Settembre, difficile ripresa. Fra noi e la ripresa molti pensieri e anche una certa “resistenza” alla trasformazione che ormai è avviata
I lunghi mesi della quarantena sono ancora freschi nella nostra memoria, in qualche modo pesano anche sul futuro prossimo che appare molto incerto.
Le prime piogge rimarcano anche quest’anno la fine dell’estate e la faticosa ripresa della quotidianità.
Non sappiamo esattamente cosa ci aspetti, dopo questa estate di belle speranze. I lunghi mesi della quarantena sono ancora freschi nella nostra memoria, in qualche modo pesano anche sul futuro prossimo che appare molto incerto.
I più giovani, dopo un timido inizio, si sono lanciati a vele spiegate in questi mesi estivi e hanno cercato di recuperare il tempo perduto. Sono stati anche i più esposti agli insidiosi assembramenti e quindi ai contagi. Eh sì, i giovani tendono a fare gruppo e confusione e vanno anche in discoteca… Ma questo lo sapevamo già e avremmo dovuto prevederlo (e arginarlo) con maggiore cognizione di causa.
E ora?
Ora si torna nei ranghi. O almeno si tenta.
Le scuole stanno riorganizzando i propri spazi e cercano soluzioni per aprire di nuovo in sicurezza. Le università riavviano i corsi, per i quali torneranno ad avvalersi della didattica digitale.
Insomma, sembriamo a un passo dalla normalità.
Sarà davvero così? Difficile prevederlo. Di sicuro ne abbiamo bisogno e la scuola manca moltissimo a tutti. Sarà una scuola diversa, ovvio: con i protocolli di ingresso e di uscita, con le mascherine, con le classi suddivise in gruppi e con una nuova disposizione dell’orario. Ma comunque sarà “scuola” e quindi “progetto”.

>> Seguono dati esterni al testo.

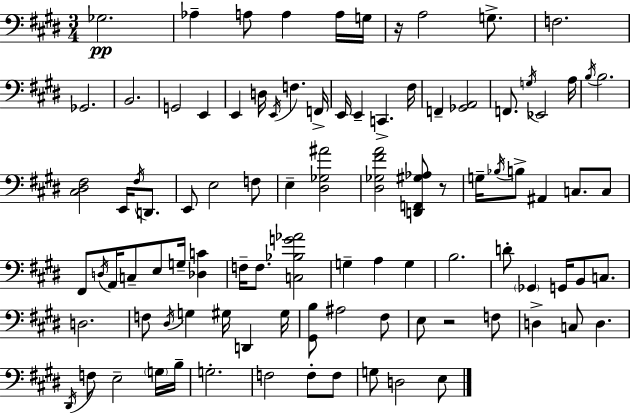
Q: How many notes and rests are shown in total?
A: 96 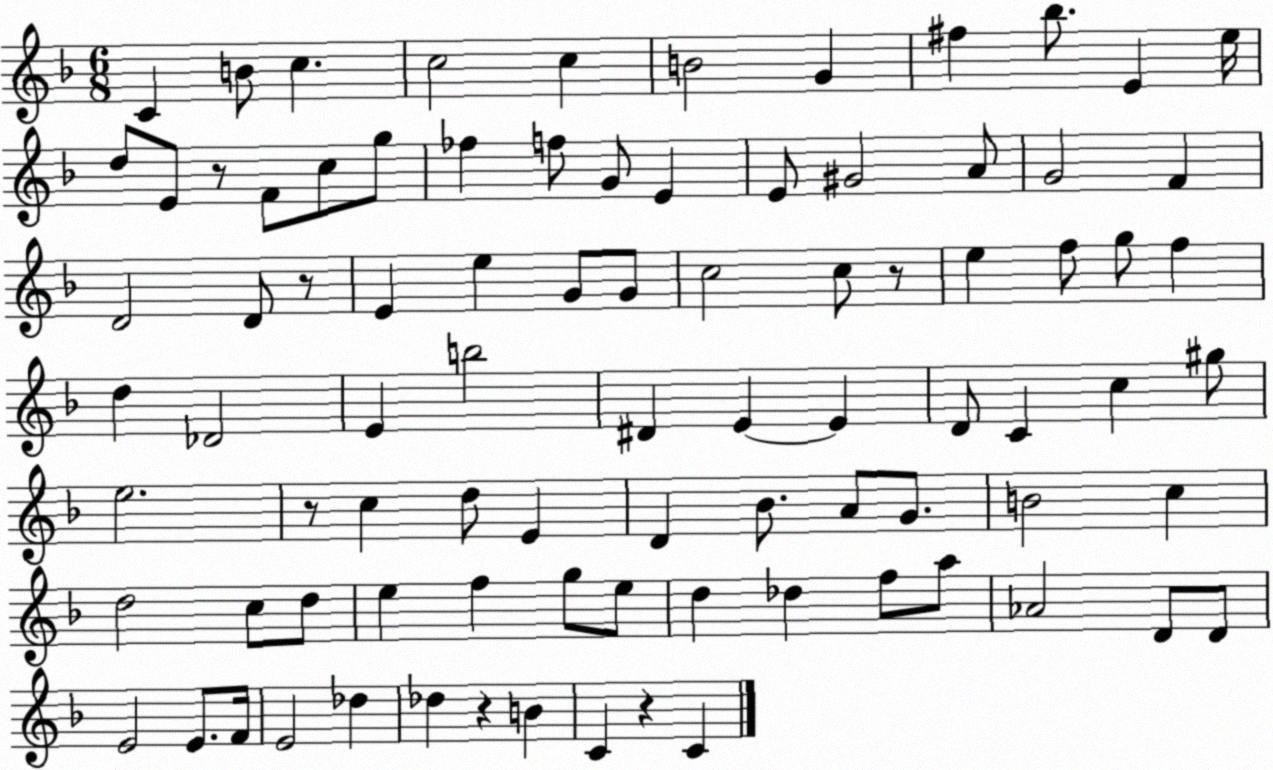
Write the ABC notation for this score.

X:1
T:Untitled
M:6/8
L:1/4
K:F
C B/2 c c2 c B2 G ^f _b/2 E e/4 d/2 E/2 z/2 F/2 c/2 g/2 _f f/2 G/2 E E/2 ^G2 A/2 G2 F D2 D/2 z/2 E e G/2 G/2 c2 c/2 z/2 e f/2 g/2 f d _D2 E b2 ^D E E D/2 C c ^g/2 e2 z/2 c d/2 E D _B/2 A/2 G/2 B2 c d2 c/2 d/2 e f g/2 e/2 d _d f/2 a/2 _A2 D/2 D/2 E2 E/2 F/4 E2 _d _d z B C z C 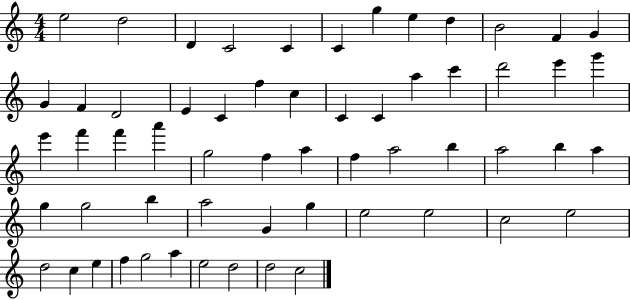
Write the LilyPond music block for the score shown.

Progettare è ciò che davvero è venuto meno in questi mesi. Tornare a immaginare il proprio futuro e deciderne la direzione. Assecondare i propri interessi, riflettere sulle proprie attitudini e costruirsi un percorso teso a formare l’individuo e a metterlo nelle condizioni di vivere una vita propria. Queste azioni non riguardano soltanto i giovani, ma costituiscono la base delle prospettive sociali ed economiche del nostro Paese.

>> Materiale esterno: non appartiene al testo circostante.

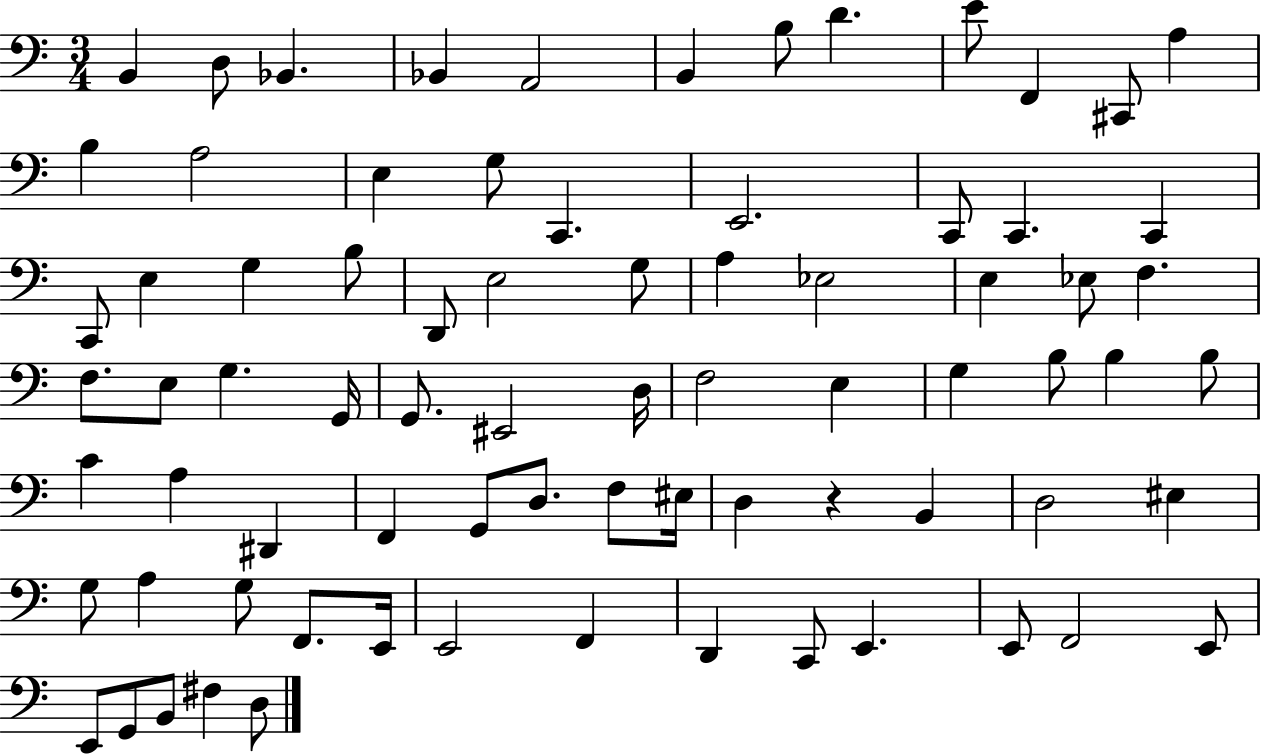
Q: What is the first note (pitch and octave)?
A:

Ci vorrà tanta buona volontà, ma soprattutto coraggio. Il pericolo del contagio ci assilla, ma non è l’unica minaccia. I giorni che ci lasciamo alle spalle dovrebbero averci insegnato che è tempo di rinascita e di rinnovamento. Anche i contenuti scolastici andrebbero ripensati alla luce del grande cambiamento che ci investe. Le professionalità di docenti ed educatori hanno necessità di ricalibrarsi in maniera dinamica e di offrire flessibilità ai propri fruitori. La pandemia ha chiuso definitivamente il capitolo dell’educazione preconfezionata e, nella sua tragicità, ha offerto delle occasioni pedagogiche da non lasciar cadere.

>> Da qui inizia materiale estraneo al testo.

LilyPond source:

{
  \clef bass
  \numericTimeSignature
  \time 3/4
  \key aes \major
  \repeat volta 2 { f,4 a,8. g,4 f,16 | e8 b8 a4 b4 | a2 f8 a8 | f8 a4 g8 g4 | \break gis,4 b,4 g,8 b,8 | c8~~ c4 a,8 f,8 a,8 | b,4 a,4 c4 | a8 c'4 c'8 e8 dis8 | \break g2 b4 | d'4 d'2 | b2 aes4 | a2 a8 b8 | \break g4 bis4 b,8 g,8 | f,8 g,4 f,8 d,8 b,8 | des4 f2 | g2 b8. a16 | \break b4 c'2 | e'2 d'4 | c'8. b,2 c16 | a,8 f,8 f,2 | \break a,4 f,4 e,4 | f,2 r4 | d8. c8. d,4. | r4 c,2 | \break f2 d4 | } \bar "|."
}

Il primo campo da esperire e perfezionare è quello della relazione fra docenti e discenti e anche fra pari, nonché fra genitori e figli. La tecnologia è uscita definitivamente dai recinti e deve essere integrata, non demonizzata. Se la demonizziamo lasciamo il campo libero al caos e ai contenuti sconclusionati.
La sfida è complessa, ma ineludibile.
Per ora l’attenzione è catalizzata su dispositivi e protocolli di sicurezza, ma cerchiamo di offrire spazio anche alle idee e a fare in modo di realizzarle.
Le famiglie stesse sono chiamate a ripensare la propria routine. Cambieranno orari, modalità di studio e lavoro (molti genitori resteranno in smartworking) e quindi anche assetto. In un certo senso la qualità del nostro tempo potrebbe migliorare e, di conseguenza, anche portare maggiore benessere a tutti.
Fra noi e la ripresa molti pensieri e anche una certa “resistenza” alla trasformazione che ormai è avviata. I sentimenti sono contrastanti e possono impedirci di gettare lo sguardo oltre le difficoltà iniziali di questa ripresa.
Altra risorsa preziosa coltivata nelle case durante la pandemia, e da conservare, è lo spirito cooperativo. Per far bene occorre fare assieme e cercare di dare un senso condiviso alle nostre scelte.
Non troveremo solidità negli scenari futuri, ma soltanto in chi ci sarà accanto ad affrontarli assieme a noi.